“Thanks!” laughed Cranny.

The two Rangers picked up their rifles, which rested in a near-by corner, and with the crowd following at their heels walked out on the wide veranda which extended entirely around the old rambling building.

Good-byes were said. Then the crowd watched the policemen untie their fiery mustangs and swing themselves into the saddle. The animals kicked up their heels, shot forward, then settling into a loping trot carried them swiftly away.

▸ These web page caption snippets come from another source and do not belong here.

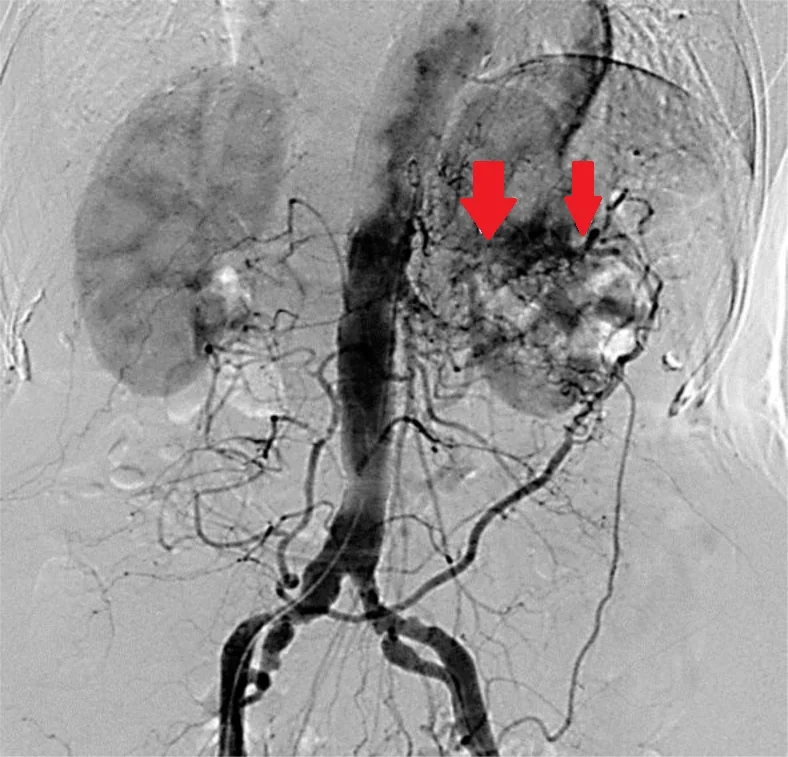 CHRONIC MESENTERIC ISCHAEMIA - ATHEROSCLEROSIS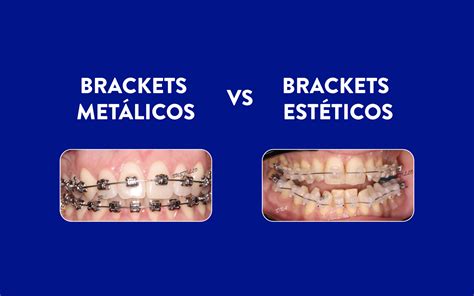 brackets transparentes vs metalicos|Brackets transparentes .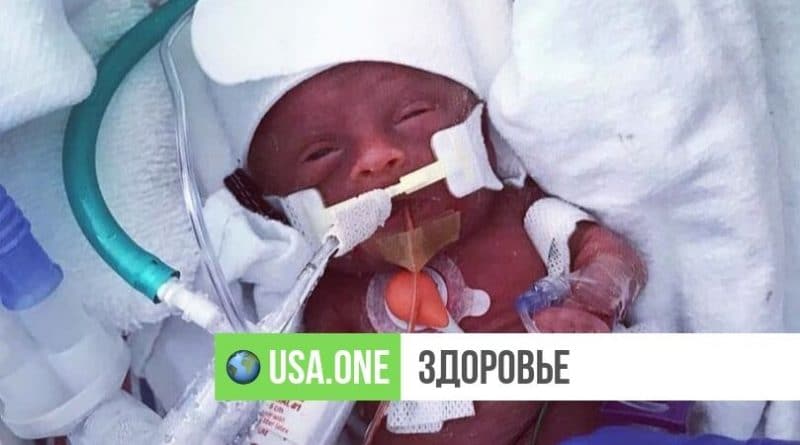 Здоровье: Недоношенный ребенок, который при рождении весил 500 г, вернулся домой после 113 дней в отделении интенсивной терапии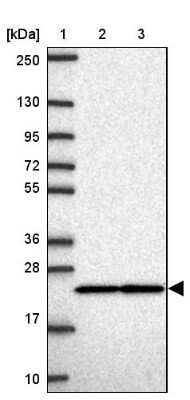 Western Blot: RPS7 Antibody [NBP2-33793] - Lane 1: Marker  [kDa] 250, 130, 95, 72, 55, 36, 28, 17, 10.  Lane 2: Human cell line RT-4.  Lane 3: Human cell line U-251MG sp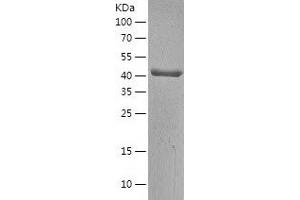 Western Blotting (WB) image for Branched Chain Keto Acid Dehydrogenase E1, alpha Polypeptide (BCKDHA) (AA 46-445) protein (His tag) (ABIN7285346) (BCKDHA Protein (AA 46-445) (His tag))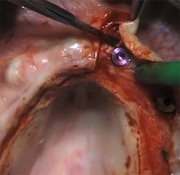 Soft Tissue Management During Maxillary Implant Recovering - Euwe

On all sides of the house stretched a broad undulating prairie covered with long waving grass which sparkled in the light of a cloudless day. To the southwest, seen as flat, gray masses against a sky of dazzling brilliancy, rose the low, irregular hills of Mexico, just across the Rio Grande. Northward, a line of cottonwoods and oaks fringed the border of an unseen watercourse, and dotted over the great expanse were groups of trees or other vegetation.

Amid this immensity of space the figures of the rapidly retreating horsemen seemed to be dwarfed to mere pigmy proportions; but even from afar the rays of the sun, striking on pistol butts or trappings, continued to send back spots of flashing light.

Cranny Beaumont drew a long breath. With all the eagerness of a bird which sees the door of its cage open and freedom before it he observed these vast reaches extending off to a hazy distance. How different it was from being cooped up in a city office, a din of clicking typewriters continually sounding in his ears!

“Well, fellows!” he said.

And then such a curiously sober look chased away his expression of whole-hearted enjoyment that Tom spoke up:

“What’s the matter, Cranny?”

“Tell us the secret sorrow,” chirped Dick.